I'm somewhat familiar with GWT but none of the others, so my descriptions below may make no sense. It's a verbatim transcription of what Prasanna talked about.

Guice helps with testing and testability. Its advantages are:
- Simple, idiomatic AOP
- Modularity
- Separation of Concerns
- Reduction of state-aware code
- Reduction of boilerplate code

It enables applications to horizontally scale. Important precepts are:

- Type safety, leading to the ability to reason about programs
- Good citizenship (modules behave well)
- Focus on core competency
- Modularity

GWT is a Java-to-JavaScript compiler. It supports a hosted mode and a compiled mode. Core Java libraries are emulated. It's also typesafe.

The iGoogle page is an example of what look like "portlet windows", but which are independent modules that are "good citizens".

Unfortunately, social sites like OpenSocial and Google Wave have different contracts, so modules may not be portable across them.

Google Gin is Guice for GWT. It runs as Guice in hosted mode and compiles directly to JavaScript. There is no additional overhead of reflection.

Types are Java's natural currency. Guice and GWT catch errors early, facilitate broad refactorings, prevent unsafe API usage and reason better about programs. They're essential to projects with upwards of ten developers, because these features are impossible with raw JavaScript.

Web Driver is an alternative to the Selenium acceptance testing tool, and apparently the codebases are now merging. Web Driver has a simpler blocking API that is pure Java. It uses a browser plugin instead of JavaScript, features fast DOM interaction and a flexible API and supports native keyboard and mouse emulation. Web Driver supports clustering.

Then Prasanna provided a preview of SiteBricks, which is a RESTful web framework. The focus is on HTTP and lessons have been learned from JAX-RS. There are statically typed templates with rigorous error checking. It's concise and uses type infererence algorithms. It's also fast and raises compilation errors if anything is wrong.

SiteBricks modules are Guice servlet modules.
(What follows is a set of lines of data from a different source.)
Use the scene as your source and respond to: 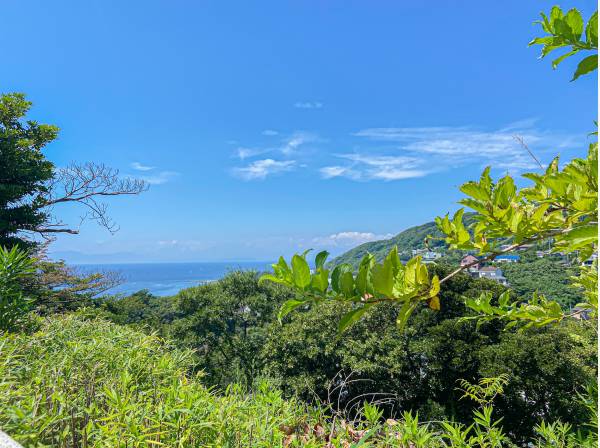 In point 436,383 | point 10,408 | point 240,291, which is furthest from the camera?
point 240,291

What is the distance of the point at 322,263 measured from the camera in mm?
911

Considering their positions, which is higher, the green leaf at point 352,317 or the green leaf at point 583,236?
the green leaf at point 583,236

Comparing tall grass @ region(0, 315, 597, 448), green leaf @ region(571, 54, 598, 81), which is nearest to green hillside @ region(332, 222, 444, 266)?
green leaf @ region(571, 54, 598, 81)

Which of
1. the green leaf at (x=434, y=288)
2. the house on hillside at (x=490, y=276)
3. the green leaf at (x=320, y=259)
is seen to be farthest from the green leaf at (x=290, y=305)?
the house on hillside at (x=490, y=276)

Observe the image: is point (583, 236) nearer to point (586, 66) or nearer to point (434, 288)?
point (434, 288)

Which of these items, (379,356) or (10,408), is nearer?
(10,408)

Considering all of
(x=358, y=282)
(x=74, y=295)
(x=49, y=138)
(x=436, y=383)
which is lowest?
(x=436, y=383)

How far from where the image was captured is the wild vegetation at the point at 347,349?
914mm

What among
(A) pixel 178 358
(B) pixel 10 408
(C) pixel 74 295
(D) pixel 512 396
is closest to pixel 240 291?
(C) pixel 74 295

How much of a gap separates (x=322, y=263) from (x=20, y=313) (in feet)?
14.6

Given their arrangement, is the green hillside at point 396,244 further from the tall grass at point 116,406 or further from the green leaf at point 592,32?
the tall grass at point 116,406

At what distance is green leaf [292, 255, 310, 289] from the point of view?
883 mm

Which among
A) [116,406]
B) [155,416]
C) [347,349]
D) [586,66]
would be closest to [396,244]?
[586,66]

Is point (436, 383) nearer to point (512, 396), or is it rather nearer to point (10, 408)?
point (512, 396) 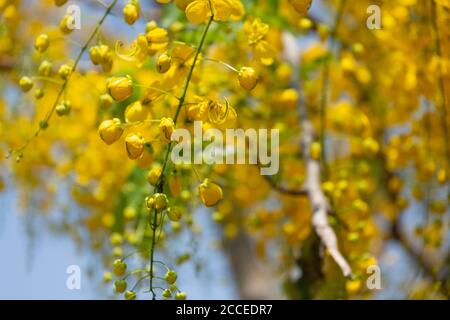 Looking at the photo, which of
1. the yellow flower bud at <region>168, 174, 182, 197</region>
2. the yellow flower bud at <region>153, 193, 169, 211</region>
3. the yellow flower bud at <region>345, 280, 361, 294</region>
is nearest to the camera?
the yellow flower bud at <region>153, 193, 169, 211</region>

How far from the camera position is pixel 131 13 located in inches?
44.2

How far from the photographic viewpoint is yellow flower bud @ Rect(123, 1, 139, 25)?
1124mm

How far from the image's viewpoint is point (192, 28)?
1.54 meters

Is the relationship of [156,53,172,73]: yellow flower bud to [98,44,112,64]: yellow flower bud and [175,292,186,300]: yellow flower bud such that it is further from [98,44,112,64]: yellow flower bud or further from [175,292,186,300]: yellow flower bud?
[175,292,186,300]: yellow flower bud

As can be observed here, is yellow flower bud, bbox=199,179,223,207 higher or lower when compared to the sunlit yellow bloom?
lower

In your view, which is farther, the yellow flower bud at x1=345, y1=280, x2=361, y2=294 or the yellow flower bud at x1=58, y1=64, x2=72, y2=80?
the yellow flower bud at x1=345, y1=280, x2=361, y2=294

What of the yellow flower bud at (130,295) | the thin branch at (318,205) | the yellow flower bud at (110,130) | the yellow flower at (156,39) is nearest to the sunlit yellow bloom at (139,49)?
the yellow flower at (156,39)

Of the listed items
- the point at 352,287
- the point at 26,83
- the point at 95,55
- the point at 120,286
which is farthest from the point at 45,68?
the point at 352,287

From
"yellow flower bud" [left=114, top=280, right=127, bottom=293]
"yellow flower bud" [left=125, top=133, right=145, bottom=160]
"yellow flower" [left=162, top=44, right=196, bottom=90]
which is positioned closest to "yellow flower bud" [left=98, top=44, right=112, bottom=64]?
"yellow flower" [left=162, top=44, right=196, bottom=90]

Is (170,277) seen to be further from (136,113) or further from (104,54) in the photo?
(104,54)

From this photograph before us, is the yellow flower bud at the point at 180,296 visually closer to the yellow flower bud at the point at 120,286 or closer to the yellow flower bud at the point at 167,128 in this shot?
the yellow flower bud at the point at 120,286

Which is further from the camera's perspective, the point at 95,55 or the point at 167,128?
the point at 95,55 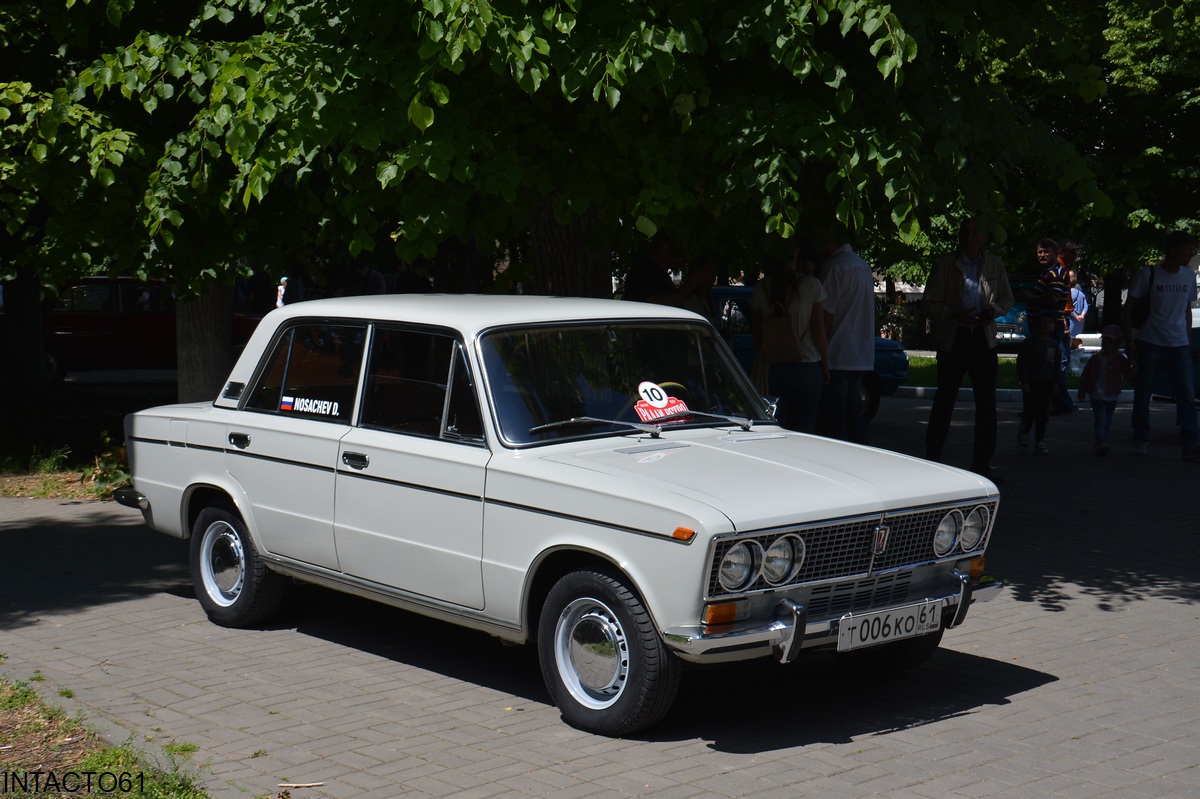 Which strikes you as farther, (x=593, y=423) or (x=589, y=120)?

One can ship any module as a widget library. Any page is injectable. It supports the standard web scopes (request, session) and also a "conversation" scope.

SiteBricks has planned Comet ("reverse Ajax") support. The preview release is available on Google Code Blog.

That concludes my notes on JavaOne 2009. Admittedly, a lot of this has been mindless regurgitation in the interests of reporting. If these make sense to readers (even if they make no sense to me), well and good.

In the days to come, I'll ruminate on what I've learned and post my thoughts.